The politicians got very skilled at using the high-tech methods of the day to maximize their vote, dispensing public jobs and organizing enormous torchlight parades to rally voters. But it's also true that voters believed great things were at stake. The Republican Party had prosecuted and won the Civil War and freed the slave; vast blood had been spilled in what Republicans believed was a righteous cause. Democrats were of another mind. Southern Democrats or their fathers had been secessionists, bleeding for the losing side, and Northern Democrats were lukewarm at best about the war effort and dubious about the results. Northern Democrats successfully got Union troops removed from the Reconstruction South, and Southern Democrats set about disenfranchising the freed blacks and, in the process, created the Democratic Solid South that persisted until the 1950s.
Today, politicians in closely divided countries have become extraordinarily skillful in maximizing their votes, using the latest high-tech tools. George W. Bush's Republicans in 2004 assembled 1.4 million volunteers and used computer data relating commercial preferences to political belief to turn out previously unregistered Republicans. But voters' strong convictions on issues that cleave the nation almost precisely in half are also responsible for the close margins. The United States seems divided in a kind of culture war, with religiously observant people voting heavily Republican and the secular heavily Democratic.
In Mexico, the split is economic, but not precisely along income lines; Calderon ran about even with Lopez Obrador among the lowest income voters. Instead, the split is between a northern Mexico, with 40 percent of the population pulsating with free market economic growth, and metro Mexico City and southern Mexico looking to government for sustenance.
In Italy, the split is between the south, which has been voting center-right since American GIs liberated it from Mussolini, and the "red belt" north of Rome, where Communist partisans still fought the Nazis until 1945. Canada is split between separatist Quebec, statist Toronto and the libertarian west.
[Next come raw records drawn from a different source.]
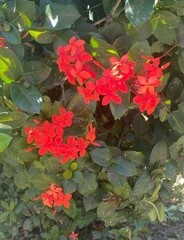 Ixora coccinea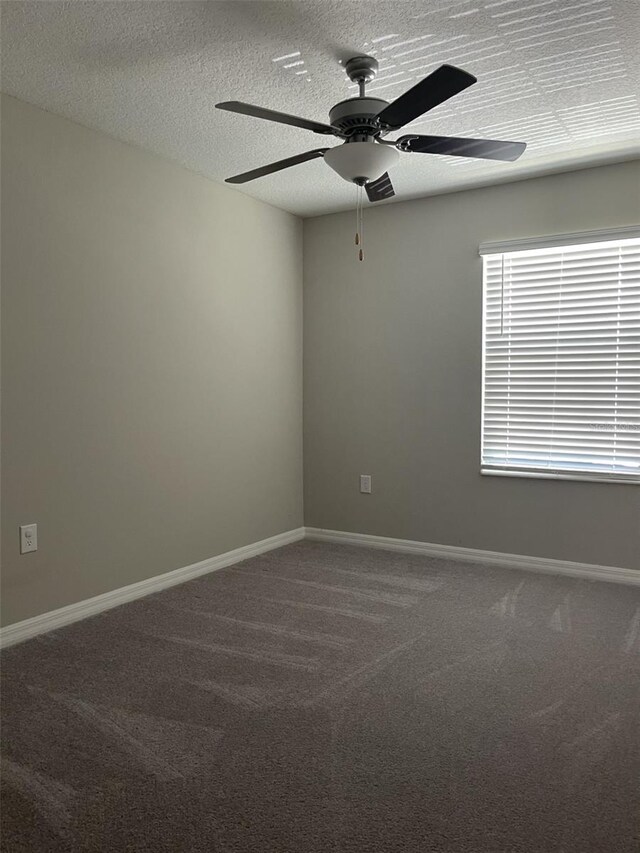 11901 Castine St, New Port Richey, FL 34654 - photo 15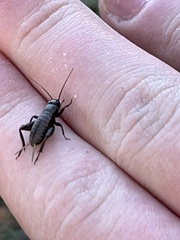 Gryllus veletis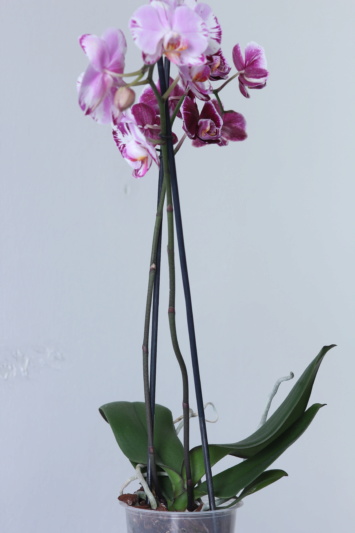 Phalaenopsis mit verschiedenen Blüten an zwei Trieben Img_2111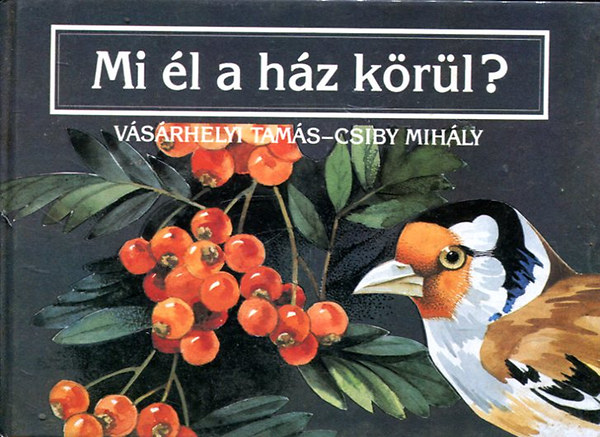 Vsrhelyi-Csiby - Mi l a hz krl?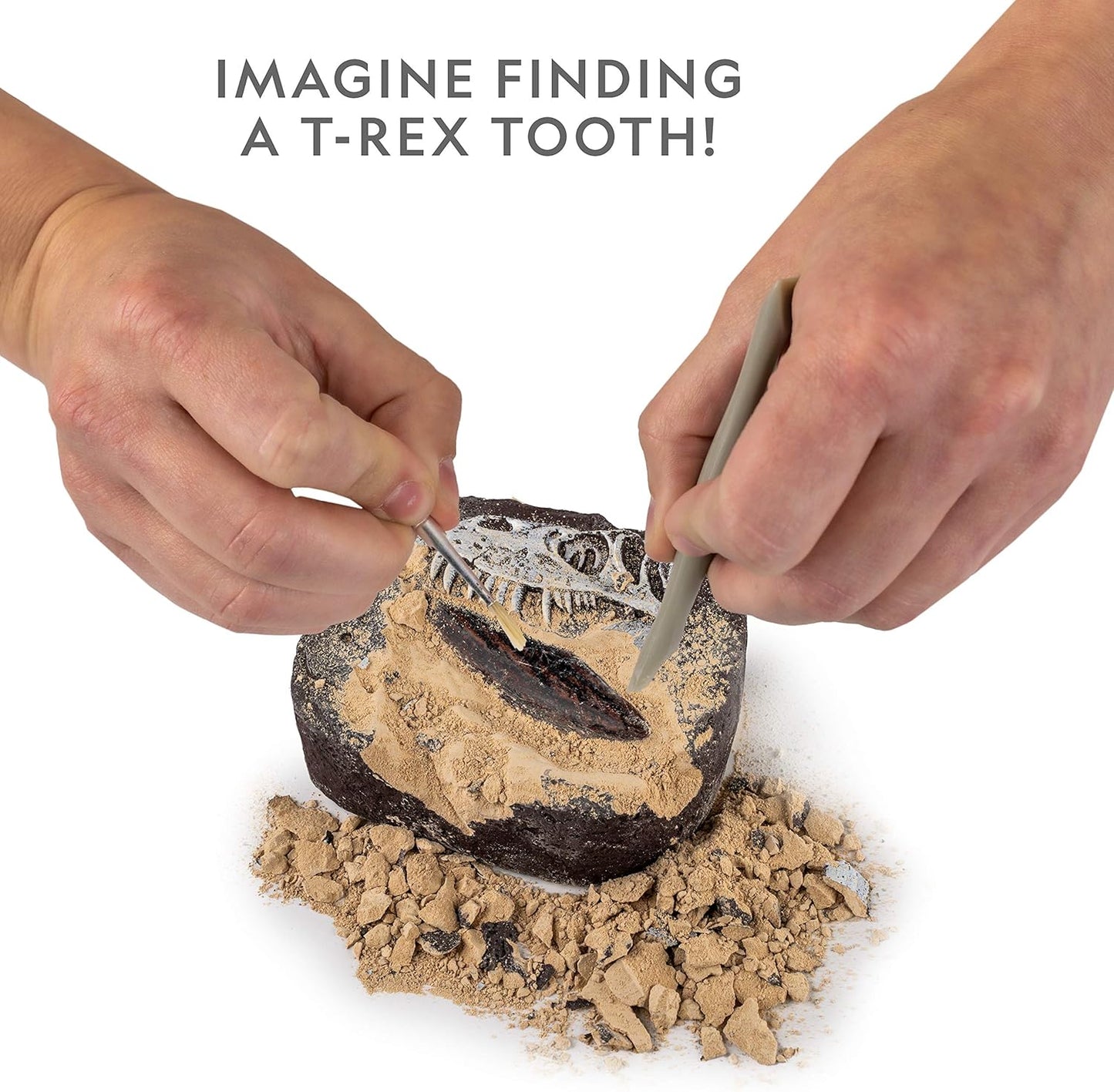 National Geographic Dino Fossil Dig Kit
Germany is split between a once-Protestant, socialist-leaning north and a once-Catholic, more market-oriented Rhineland and south.
Today's politicians try to maximize the appeal of their platforms and the turnout on their side of these enduring divisions, with the result that elections tend to be close. But that may not always be so. As new issues arose, the post-Civil War division of the United States yielded to a generation of Republican majorities and then a generation of New Deal Democratic dominance. Something like that, here or abroad, could happen again.